Published March 6, 2019
The world leader many Americans wish they had, Canada’s Justin Trudeau, is in political trouble. And yet, even in the midst of scandal, Trudeau offers a valuable lesson for the political left in the United States.
Trudeau swept into office with a clear majority in 2015. As head of the long-dominant Liberal Party, his youth (he was 43 when he took office) and his ostentatious cultural liberalism captured a certain mood. He enjoyed a long honeymoon at first, with his Liberal Party hitting nearly 50 percent in the polls by mid-2016. Even after he came back to earth, the feminist, green, pro-choice Trudeau captured liberal hearts across the globe and seemed certain to win reelection.
That all came crashing down this year over the grubbiest of matters: an alleged attempt by his staff to influence prosecutors in a corruption case against an important Liberal Party donor. SNC-Lavalin, a large company based in the Liberal Party heartland of Quebec, was charged in 2015 with giving millions of dollars in bribes to the Libyan government between 2001 and 2011. A conviction would leave it ineligible to bid on Canadian government contracts for a decade, potentially bankrupting the firm. That’s when Trudeau’s government allegedly intervened.
According to testimony by Jody Wilson-Raybould, the former attorney general whose resignation last month sparked the political scandal, Trudeau and his aides repeatedly implored her to defer the prosecution of the company — a possibility that itself became available only after Trudeau’s government changed the law following the firm’s indictment — to help the party in the upcoming Quebec elections. After she refused to do so, Trudeau demoted her, leading to her resignation.
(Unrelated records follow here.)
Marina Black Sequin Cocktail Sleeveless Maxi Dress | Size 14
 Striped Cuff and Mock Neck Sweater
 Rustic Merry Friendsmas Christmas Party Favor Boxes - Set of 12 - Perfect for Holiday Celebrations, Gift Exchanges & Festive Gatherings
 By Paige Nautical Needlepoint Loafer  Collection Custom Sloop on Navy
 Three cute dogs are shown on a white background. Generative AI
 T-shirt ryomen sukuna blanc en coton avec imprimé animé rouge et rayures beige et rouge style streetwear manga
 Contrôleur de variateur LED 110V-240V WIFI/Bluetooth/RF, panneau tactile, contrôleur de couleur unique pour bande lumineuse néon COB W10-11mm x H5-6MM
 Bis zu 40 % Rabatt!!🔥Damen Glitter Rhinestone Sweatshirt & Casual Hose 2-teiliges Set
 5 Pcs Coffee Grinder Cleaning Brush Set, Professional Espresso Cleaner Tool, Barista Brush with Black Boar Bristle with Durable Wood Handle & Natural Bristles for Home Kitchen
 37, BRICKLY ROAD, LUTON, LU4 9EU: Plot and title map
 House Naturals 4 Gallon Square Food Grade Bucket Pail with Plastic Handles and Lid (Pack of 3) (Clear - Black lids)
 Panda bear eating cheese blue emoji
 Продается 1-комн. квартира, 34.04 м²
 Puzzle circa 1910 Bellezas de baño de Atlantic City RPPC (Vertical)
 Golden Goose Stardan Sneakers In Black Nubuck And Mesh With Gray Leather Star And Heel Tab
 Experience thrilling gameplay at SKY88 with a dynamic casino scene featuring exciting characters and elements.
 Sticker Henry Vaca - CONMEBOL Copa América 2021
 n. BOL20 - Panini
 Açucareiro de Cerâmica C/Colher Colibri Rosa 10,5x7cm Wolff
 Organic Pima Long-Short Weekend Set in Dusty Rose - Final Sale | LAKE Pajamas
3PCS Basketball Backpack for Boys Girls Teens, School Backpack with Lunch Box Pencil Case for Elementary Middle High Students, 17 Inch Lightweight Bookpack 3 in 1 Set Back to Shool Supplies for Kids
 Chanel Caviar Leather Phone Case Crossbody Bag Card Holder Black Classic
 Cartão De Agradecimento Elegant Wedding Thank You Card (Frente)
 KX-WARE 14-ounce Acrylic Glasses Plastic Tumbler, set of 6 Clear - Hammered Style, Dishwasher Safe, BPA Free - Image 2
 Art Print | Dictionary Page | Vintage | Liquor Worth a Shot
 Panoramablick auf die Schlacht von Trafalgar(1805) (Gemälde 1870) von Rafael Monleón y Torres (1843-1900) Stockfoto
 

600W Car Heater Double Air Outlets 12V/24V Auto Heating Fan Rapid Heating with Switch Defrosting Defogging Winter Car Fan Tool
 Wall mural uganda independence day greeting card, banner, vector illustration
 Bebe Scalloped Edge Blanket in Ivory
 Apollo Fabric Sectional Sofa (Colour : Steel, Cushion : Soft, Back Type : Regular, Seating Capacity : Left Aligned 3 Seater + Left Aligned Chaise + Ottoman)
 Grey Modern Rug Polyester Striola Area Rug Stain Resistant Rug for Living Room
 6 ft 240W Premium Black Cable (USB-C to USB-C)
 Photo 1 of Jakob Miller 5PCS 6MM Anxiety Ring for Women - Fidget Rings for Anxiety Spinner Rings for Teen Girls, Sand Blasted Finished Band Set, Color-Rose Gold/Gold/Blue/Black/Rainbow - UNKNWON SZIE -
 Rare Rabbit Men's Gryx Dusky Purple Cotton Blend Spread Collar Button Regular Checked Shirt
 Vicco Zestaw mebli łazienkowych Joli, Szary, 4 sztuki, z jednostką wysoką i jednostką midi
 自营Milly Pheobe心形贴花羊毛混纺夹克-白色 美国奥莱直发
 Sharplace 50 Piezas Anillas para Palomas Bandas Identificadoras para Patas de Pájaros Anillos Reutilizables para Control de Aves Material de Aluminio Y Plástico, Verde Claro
Wilson-Raybould’s testimony punctures Trudeau’s carefully crafted image as a modern, honest politician. The pure power politics on display would be ham-handed by American standards; it is positively shocking by Canadian measures. Her status as the first indigenous attorney general was a point of pride for someone who pledged reconciliation with Canada’s First Nations. Now his reputation as a person who could come to terms with Canada’s past lies in tatters.
The crisis is spiraling out of control. A second minister, Jane Philpott, resigned from Trudeau’s cabinet this week citing the scandal. Trudeau’s former chief aide, Gerald Butts, resigned six days after Wilson-Raybould stepped down and testified Wednesday about his role in the affair. A recent poll shows that more than half of Canadians think Trudeau should resign from office, and the opposition Conservative Party has opened up a nine-point lead over Trudeau’s Liberals in advance of elections this fall.
Americans rarely pay attention to Canada, but this turmoil has significant implications and lessons for the U.S. political system. Democrats must look north with envy over the willingness of Canadians to shift party allegiance based on ethical shortcomings. If pro-Trump Americans would have a similar reaction to President Trump’s ethical misdeeds, his base might be considerably smaller than it is now.
That isn’t the case, however, because too many Americans are scared of what would happen if a strongly progressive Democratic Party were to take power. The Green New Deal and Medicare-for-all frighten people concerned about government power and taxes; proposals to abolish the Immigration and Customs Enforcement agency frighten people concerned about security and immigration; opposition to religious-liberty measures and support for unregulated late-term abortions frighten people concerned about those issues. Democrats keep harping about Trump’s ethics, but many people wonder if those concerns are important enough to justify empowering a party that has embraced such a left-leaning agenda.
Party politics in Canada, however, is much less ideologically polarized than it is here. Should the Conservatives come to power, Canada would see a rightward shift in policy. For example, under the leadership of Andrew Scheer, the Tories have embraced a clear center-right economic agenda including scrapping Trudeau’s carbon tax. Conservative governments in Canada’s provinces have also scrapped carbon taxes in their regions, proving that even in Canada, fighting climate change is a very low public priority.
But Canadians upset by Trudeau are not scared enough by the Tories to stick by an ethically challenged leader or upending their party system. Nor have Trudeau’s liberal followers notably shifted to back the country’s left-wing party, the New Democrats.
Trudeau and the Liberal Party might yet survive. Canada’s election occurs in October, and seven months is a lifetime in politics. But Canadians’ reaction to his crisis shows that ethics and moderation both matter. We shall see whether Democrats heed this example.
Henry Olsen is a Washington Post columnist and a senior fellow at the Ethics and Public Policy Center.